*Assignment:* Starting at the line that contains "Careful surface preparation", reproduce only the lines through the end of the data, exactly, including both the first and the last; skip the pictures.

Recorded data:

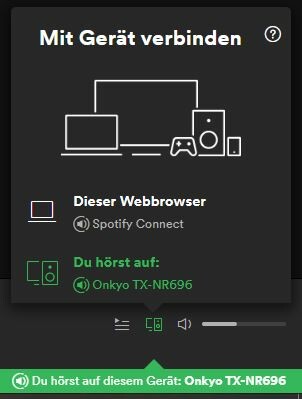 Windows 10 Streaming auf Onkyo TX-NR696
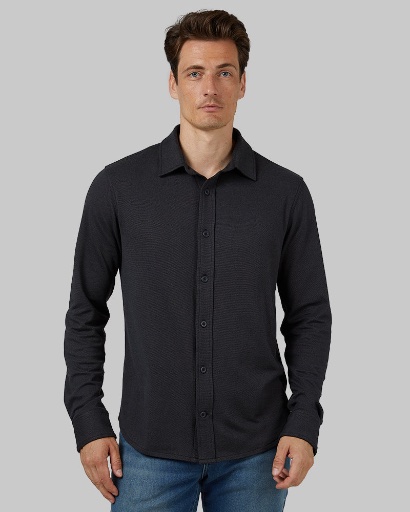 Men's Soft Stretch Knit Long Sleeve Button-Up- Many Colors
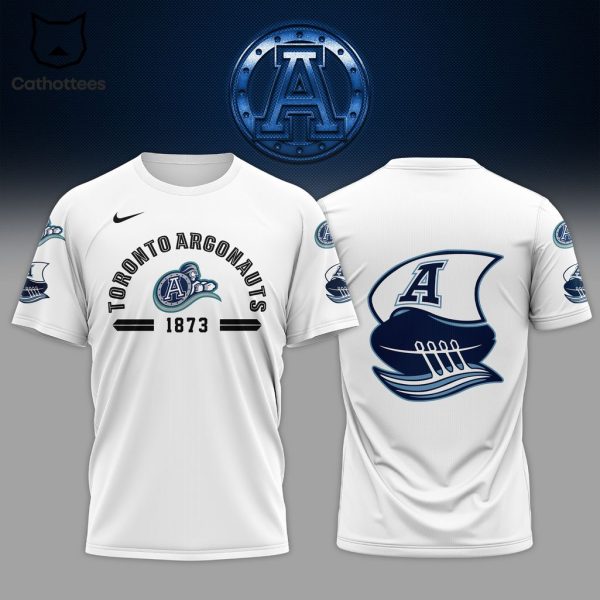 Toronto Argonaut 1873 Nike Logo White Design On Sleeve 3D Hoodie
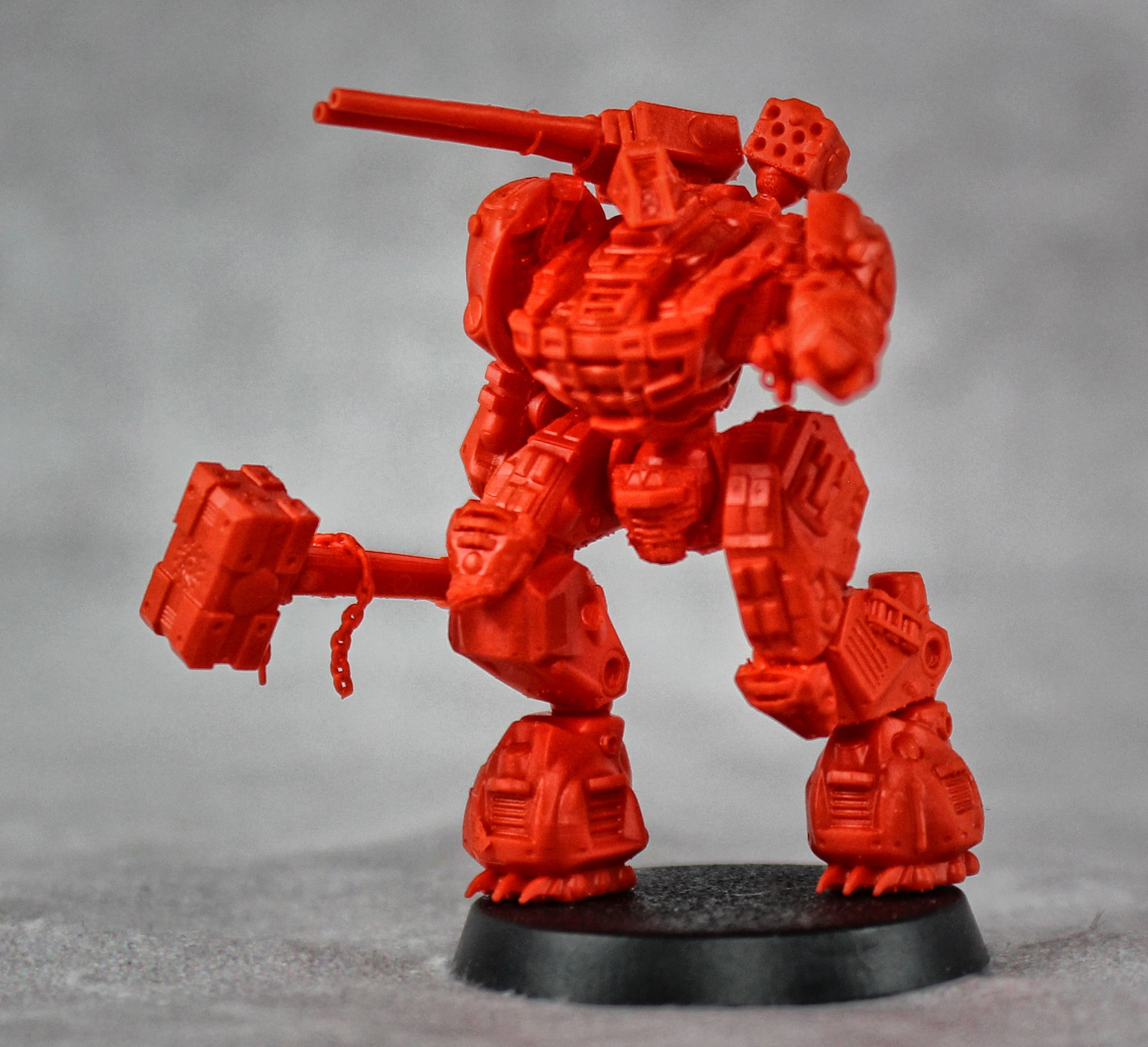 Mech- Kuznets Hammer Mech Miniature 3D print model_10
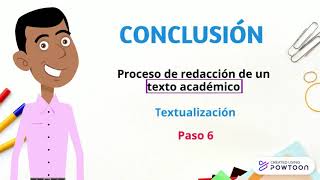 REDACCIÓN DE TEXTOS ACADÉMICOS  621  LA CONCLUSIÓN [upl. by Kurzawa]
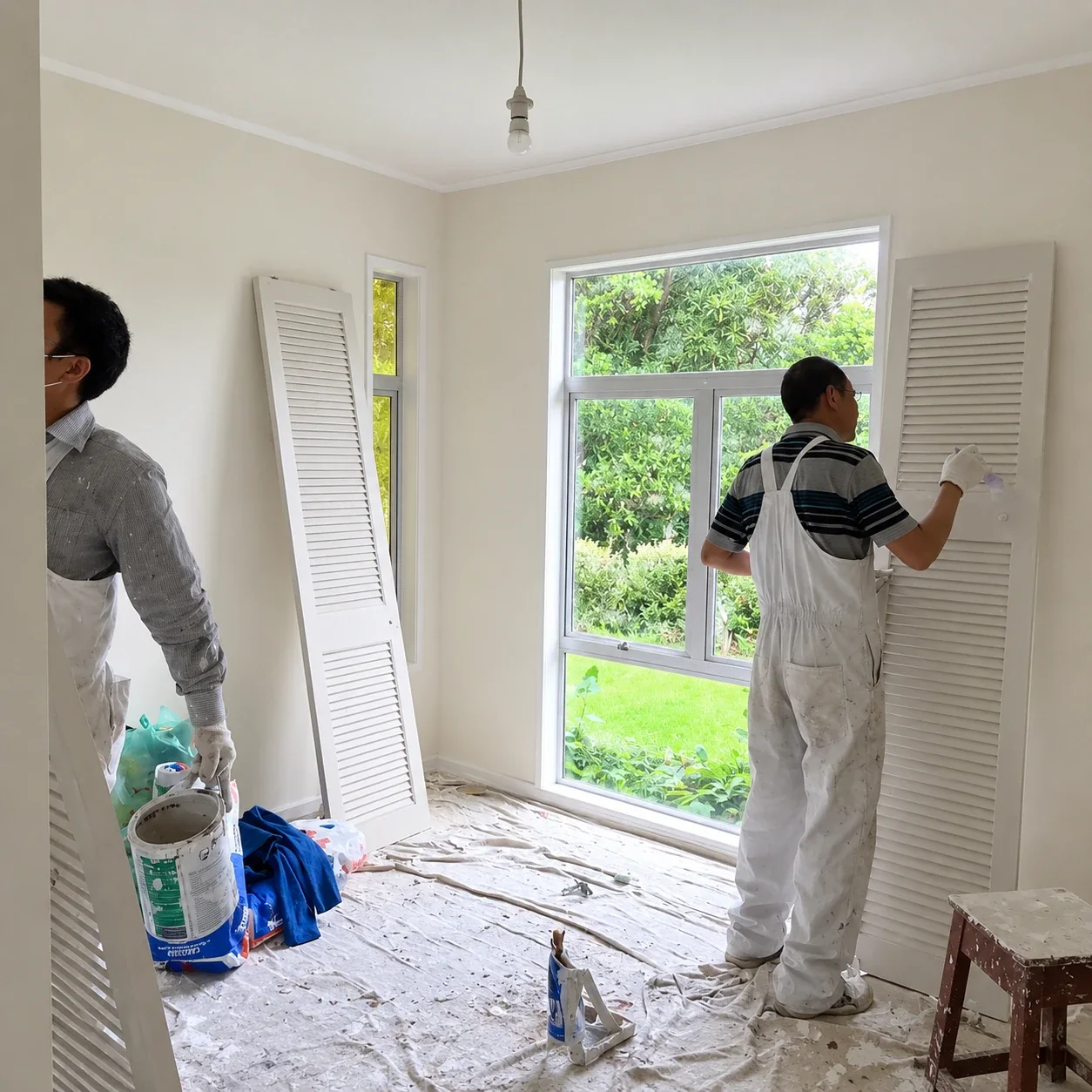 Careful surface preparation and plastering for a quality painting finish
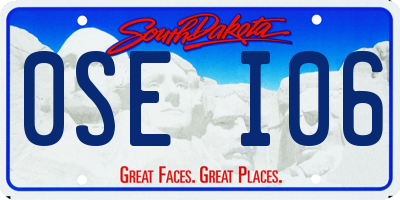 SD license plate 0SEI06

*Task solution:*
 Careful surface preparation and plastering for a quality painting finish
 SD license plate 0SEI06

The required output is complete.